> Exercise aim:
Give again, word for word, each line of the data from the first through the one containing "This vehicle won't". Pictures stay out.

◆ ◆ ◆ ◆ ◆

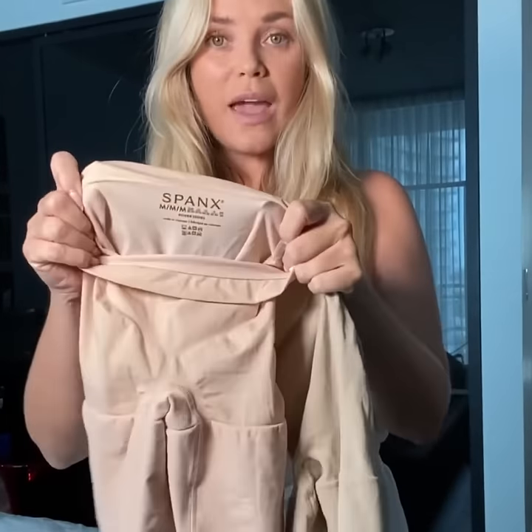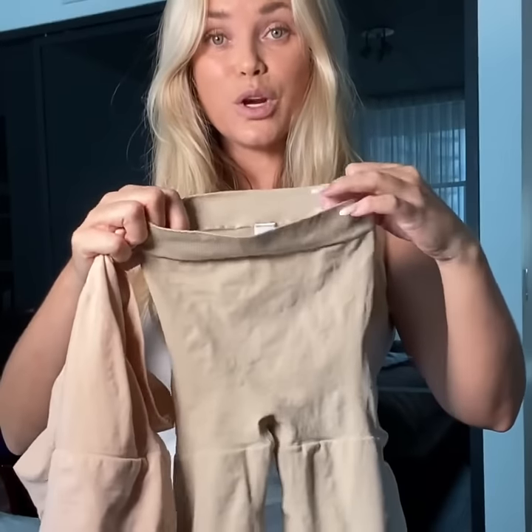I got from Spanx the size medium Power Short, and then I ordered the Curvy's Second Skin Thigh Slimming Short.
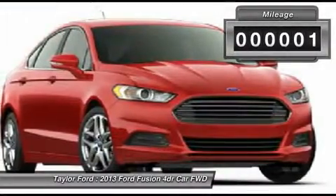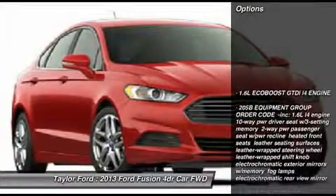This vehicle has less than 100 miles. Here are some of this vehicle's great options.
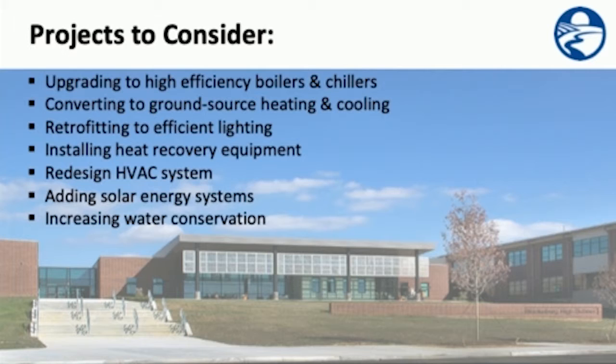Some things to consider when utilizing the Guaranteed Energy Savings Program include upgrading to high-efficiency boilers and chillers, converting to ground source heating and cooling, retrofitting to efficient lighting, installing heat recovery equipment, redesigning your HVAC system, adding solar energy systems, and increasing water conservation.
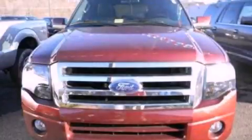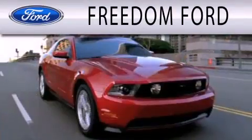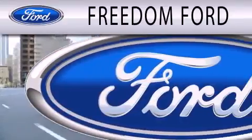This vehicle won't last long at this price. Call and arrange a test drive now. Freedom Ford is dedicated to doing everything possible to ensure that the experience you have selecting your next vehicle is as pleasant as possible.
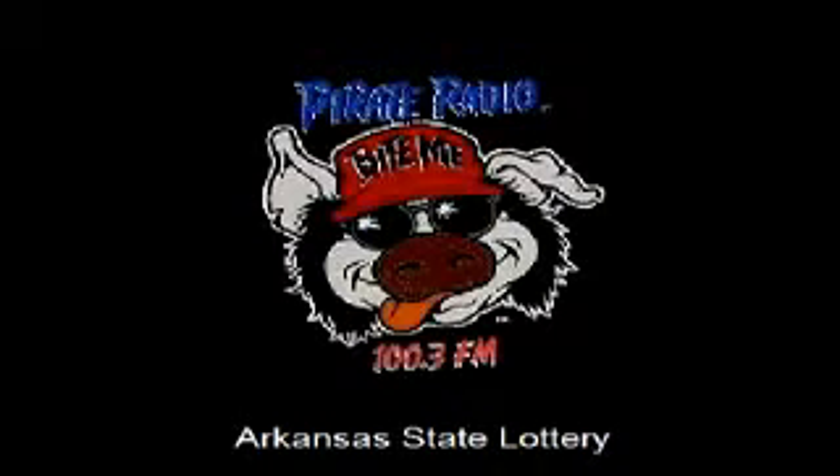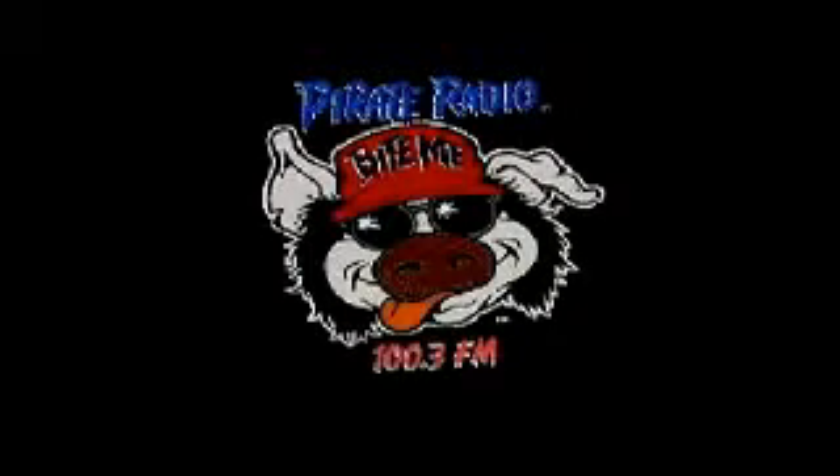Hello again, everyone, and welcome to the Arkansas State Lottery's weekly lotto game. There are 40 balls in the machine numbered 1 through 100. Let's dump them in. This week's jackpot is a record $62 million.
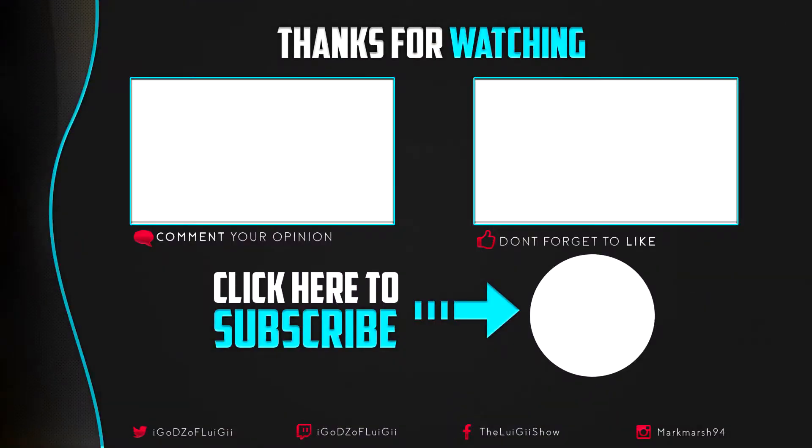Let me know in the comments below what you thought of the film. If you enjoyed this unboxing video, please leave a like, subscribe, turn on post notifications, and I'll see you in the next unboxing video. Until then, take care!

◆ ◆ ◆ ◆ ◆

> Your solution:
I got from Spanx the size medium Power Short, and then I ordered the Curvy's Second Skin Thigh Slimming Short.
This vehicle has less than 100 miles. Here are some of this vehicle's great options.
Some things to consider when utilizing the Guaranteed Energy Savings Program include upgrading to high-efficiency boilers and chillers, converting to ground source heating and cooling, retrofitting to efficient lighting, installing heat recovery equipment, redesigning your HVAC system, adding solar energy systems, and increasing water conservation.
This vehicle won't last long at this price. Call and arrange a test drive now. Freedom Ford is dedicated to doing everything possible to ensure that the experience you have selecting your next vehicle is as pleasant as possible.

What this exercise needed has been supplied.